2. Exception Handling in Parse Methods

Wrap parsing logic in try-except blocks to handle extraction errors:

import scrapy
from scrapy.exceptions import DropItem

class RobustSpider(scrapy.Spider):
    name = 'robust_spider'

    def parse(self, response):
        try:
            # Extract data with potential failure points
            title = response.css('h1::text').get()
            if not title:
                raise ValueError("Title not found")

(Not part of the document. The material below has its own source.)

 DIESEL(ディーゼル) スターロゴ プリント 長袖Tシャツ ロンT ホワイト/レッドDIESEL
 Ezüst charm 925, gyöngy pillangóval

            price = response.css('.price::text').re_first(r'\d+\.\d+')
            if not price:
                raise ValueError("Price not found")

            yield {
                'title': title.strip(),
                'price': float(price),
                'url': response.url
            }

        except ValueError as e:
            self.logger.warning(f"Data extraction error on {response.url}: {e}")
            # You might want to yield a partial item or skip entirely

        except Exception as e:
            self.logger.error(f"Unexpected error parsing {response.url}: {e}")
            # Log the full traceback for debugging
            import traceback
            self.logger.error(traceback.format_exc())

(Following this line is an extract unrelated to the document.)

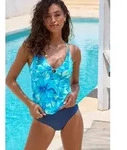 Tankini-Top S.OLIVER "Jayce", Damen, Gr. 38, Cup A/B, blau (t&uuml;rkis bedruckt),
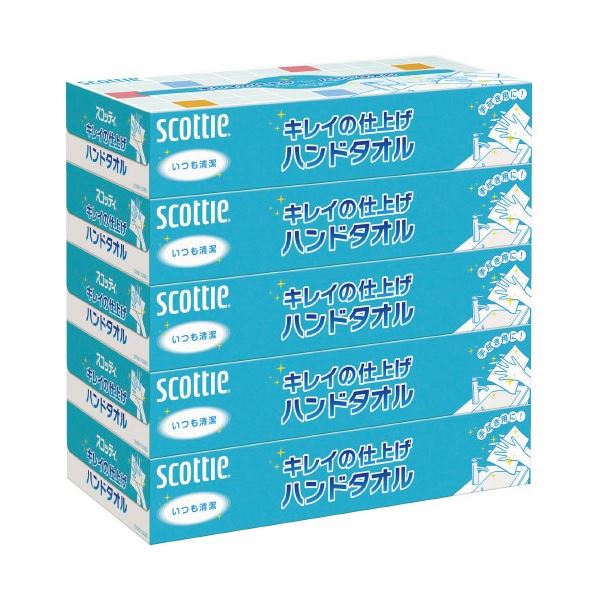 （まとめ）日本製紙クレシア スコッティ ハンドタオル ボックス 5箱 [x5セット]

3. Handling Request Failures

Use errbacks to handle network-level failures:

import scrapy
from scrapy.spidermiddlewares.httperror import HttpError
from twisted.internet.error import DNSLookupError, TimeoutError

class NetworkErrorSpider(scrapy.Spider):
    name = 'network_handler'

    def start_requests(self):
        urls = ['http://example.com', 'http://httpbin.org/status/500']
        for url in urls:
            yield scrapy.Request(
                url, 
                callback=self.parse,
                errback=self.handle_error,
                dont_filter=True,
                meta={'retry_times': 0}
            )

    def parse(self, response):
        yield {'url': response.url, 'status': 'success'}

    def handle_error(self, failure):
        request = failure.request

        if failure.check(HttpError):
            response = failure.value.response
            self.logger.error(f"HTTP error {response.status}: {request.url}")

        elif failure.check(DNSLookupError):
            self.logger.error(f"DNS lookup failed: {request.url}")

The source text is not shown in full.